Arizona Secretary of State Katie Hobbs launches gubernatorial campaign
Hobbs’ profile rose dramatically in the wake of the 2020 election, when she made numerous media appearances – initially on the Arizona vote count and later on defending the state count against some of the conspiracies. baseless Republicans. Hobbs was the main critic of the so-called Maricopa County ballot audit recently.
She adds, “In 2020, against all odds, in the midst of a pandemic, we have proven that democracy works.… Arizona needs to work for everyone. That’s why I’m running. Let’s get the job done.”
Current Arizona Governor Doug Ducey – a Republican – is on a time limit. A handful of Republicans have said they are considering an offer and Kimberly Yee, the current state treasurer, has announced a race to succeed Ducey.
Hobbs was narrowly elected as Arizona Secretary of State in 2018. She previously served as a member of the Arizona Senate and House of Representatives.
The 2020 election was the culmination of sweeping political change in Arizona, marking the second time a Democratic presidential candidate has won the state in more than seven decades. The state that was once a Republican home, known to right-wing leaders like Barry Goldwater and John McCain, is now in the midst of a shift, propelled by a growing Latin American population, an increase in the number of new voters.
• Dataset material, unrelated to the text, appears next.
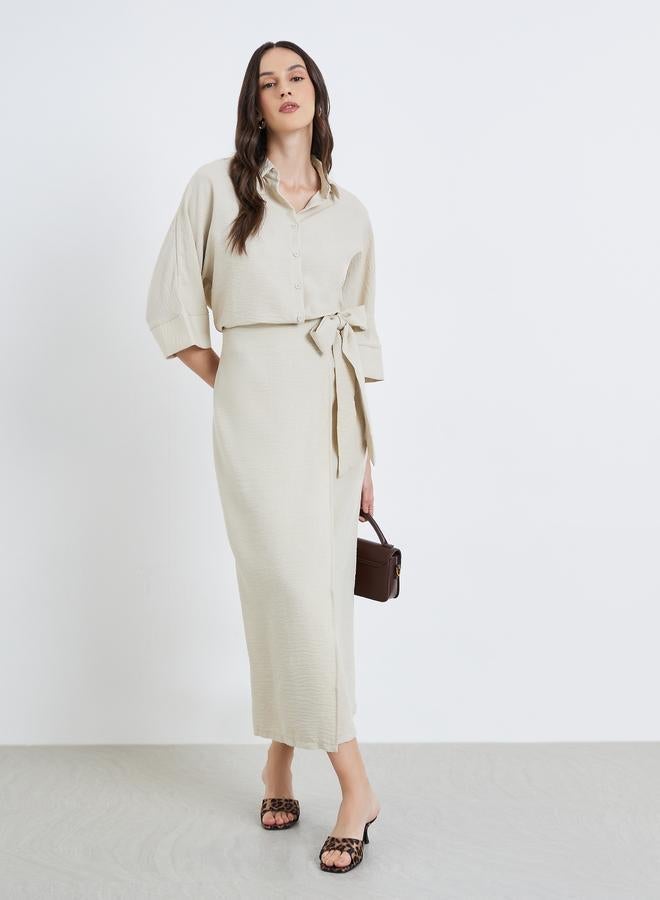 Styli Women Off-White Collared Button-Up Shirt - Image 2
States like California and Illinois and how suburban voters drastically broke with the Republican Party during Trump’s tenure in the White House.
For Democrats, the next few years in Arizona will focus on continuing the state’s left turn, a goal that will include increased outreach to Latin American communities and seek to further divide the Republican Party from its once suburban base.
Hobbs played a central role in this change, using his platform as Secretary of State to assure voters – and the nation that was closely watching the state – that the results in Arizona were fair and accurate, despite vocal complaints from Trump and other Republicans.
Her work has also recently positioned her at the center of Republican efforts to audit the count of the ballots in Maricopa County, a process that has drawn Republicans into a party struggle between those who want the audit and those who want the audit. county officials who call this a joke.
“What I think is so essential for everyone to understand – and I think they do because we’ve been talking about it for so long – it’s dangerous,” she told CNN’s Anderson Cooper at About the audit on Wednesday.
“This is not an audit; it does not meet any of the standards or best practices that you would see in a post-election audit and it will do nothing to determine the validity of the election results,” she said on “Anderson Cooper 360.” “All this is going to do is continue to undermine the integrity of our election and fuel the concerns of voters, which are unfounded because this election was free, fair and accurate.”
This story has been updated with additional comments from Hobbs.
CNN’s Caroline Kelly and Eric Bradner contributed to this report.